Nadie puede salir de la selva. A partir de un momento, todo se condensa en la vorágine, todo se va mezclando y confundiéndose sin solución de continuidad; las plantas crecen para destruir el alrededor y la carne cae al suelo para revolcarse. La selva es cada vez más grande y nadie sabe dónde acaba y todo parece el mismo sitio, el mismo lugar. En lo más profundo de ese cine o esa selva -llamémoslé como queramos- es donde ahora nacen los sueños, donde se protegen de la falsedad exterior y de las carreteras que siempre van al mismo sitio y nos dejan con esa sensación triste y vacía al mismo tiempo. En la selva existe un silencio que nunca se calla, un sonido que nos deja inventarnos sin excusa, sin concesión; un paraíso para rajarse el pecho de lado a lado o para hacer el amor sin que nadie te espíe -al menos alguien de este mundo-, una cuna donde podrás soñar que aún existe eso que se llama libertad; para dejar de ser esclavo hay que abandonar este mundo. La selva dice que es el jardín del que fuimos expulsados, por eso nos sentimos extraños y desnudos en su seno, pero familiar y feliz a cada paso que damos en sus visiones. El cine de principio de siglo, el cine que sueña con un ojo y QUE se mira con el otro, es un laberinto virgen, una cuña y un hacha para sobrevivir. Películas como La ciénaga (2001) de Lucrecia Martel, Blissfully yours (2002) de Apichatpong Weerasethakul, Los muertos (2004) de Lisandro Alonso o Naturaleza muerta (2006) de Jia Zhang Ke lo atestiguan. Una parte del cine contemporáneo cree ciegamente en la selva como escenario de sus más hermosas y secretas manifestaciones. Los cuerpos aparecen sin permiso en el caos de la naturaleza, en el laberinto de las hojas y en los túneles de hierba. El destino de sus personajes es acabar perdidos, mirando a todos lados sin referencia, sin saber exactamente dónde se encuentran, preguntándose qué hacen allí sin temor, contemplando y respirando, envejeciendo rápidamente para convertirse en parte del río; de alguna manera, este nuevo cine o este nuevo uso del cine, parece el resultado de una nueva mentalidad cercana a un budismo primitivo, hermano precisamente con aquel de Benarés.

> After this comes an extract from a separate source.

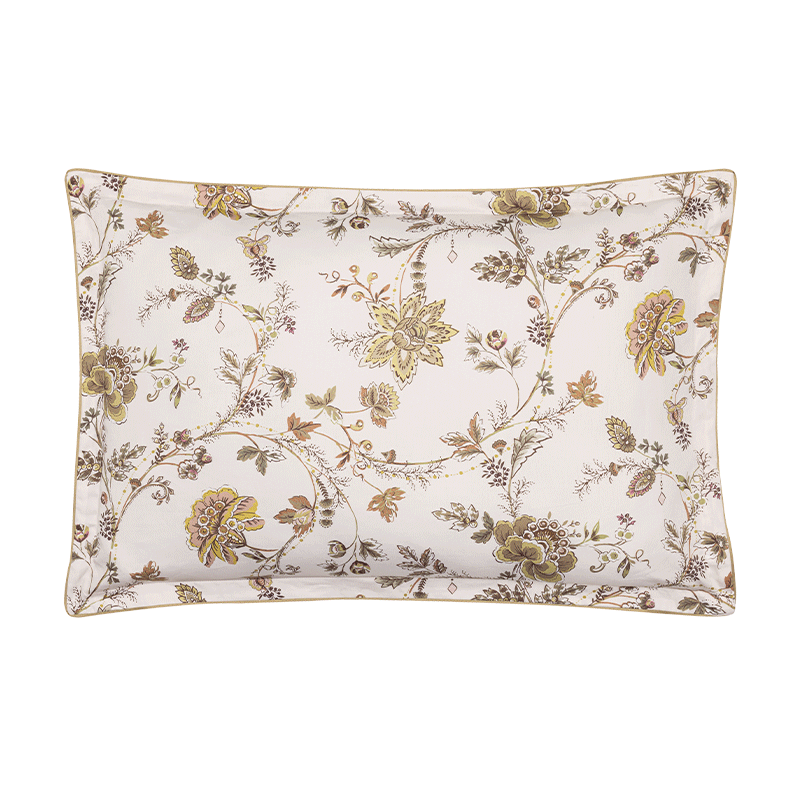 Taie d'Oreiller Maussane Rose &mdash; vue 1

Este nuevo cine no representa una semilla para el futuro, sino más bien, una purificación, un silencio necesario para volver a empezar; la instauración de una tábula rasa repleta de nuevos y fructíferos caminos llenos de lianas y animales salvajes con mucho hambre.

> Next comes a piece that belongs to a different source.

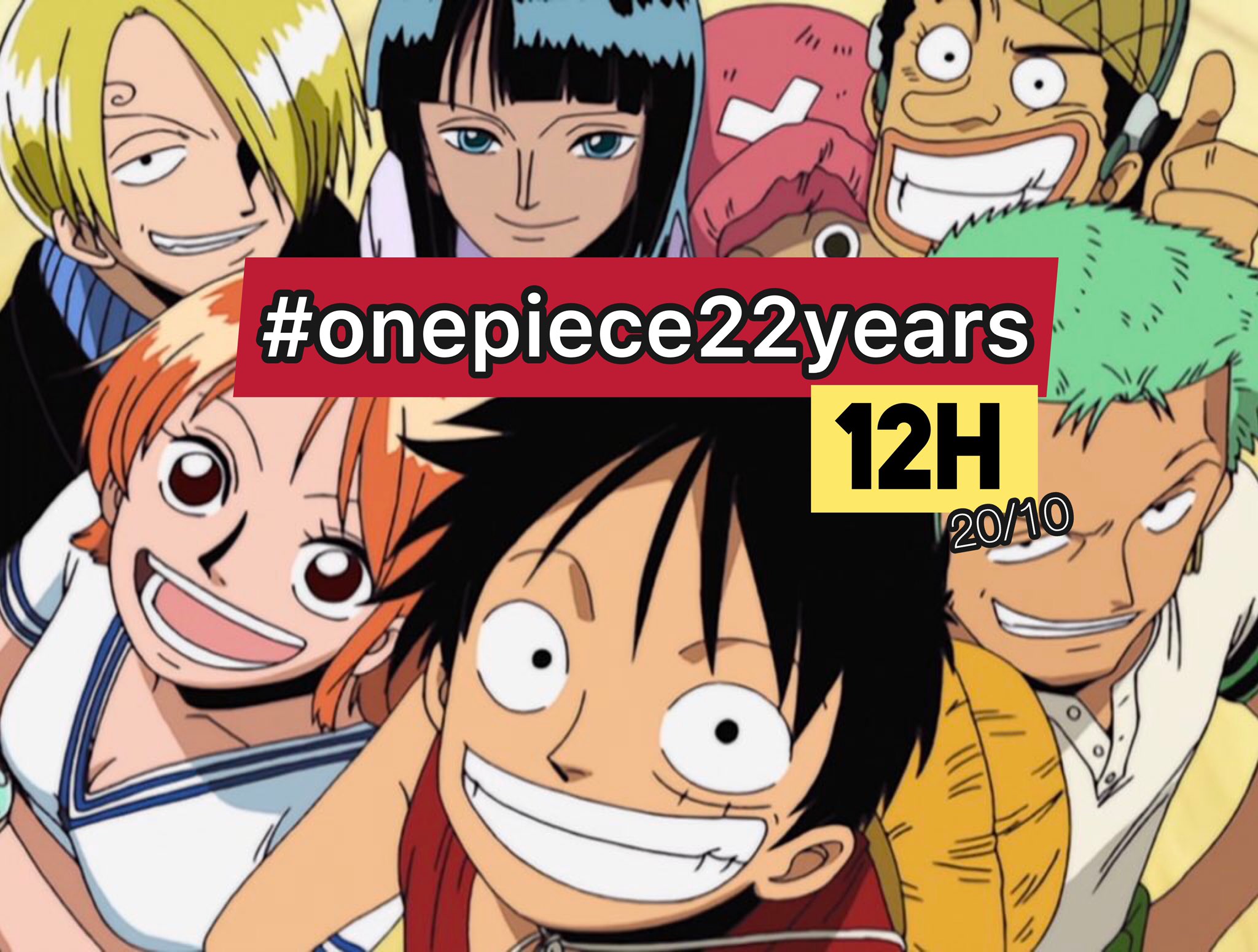 One Piece Edição Especial (HD) - Skypiea (136-206) O Fim da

La selva esconde su propia tragedia y su propio cine, su propio lenguaje de signos, su rastro peculiar, su melodía, sus senderos que se bifurcan. Aisladas del mundo, estas almas cinematográficas quedan aisladas y quietas mirándose unas a otros, bautizándose así mismas, siendo por primera vez, dueñas de sus propios miedos, de sus infinitas debilidades, escuchadas por el silencio que atrapa sus gemidos y sus horrores, dañándolas y curándolas a la vez, manteniéndolas lejos del exterior, donde, por el momento, nada parece existir.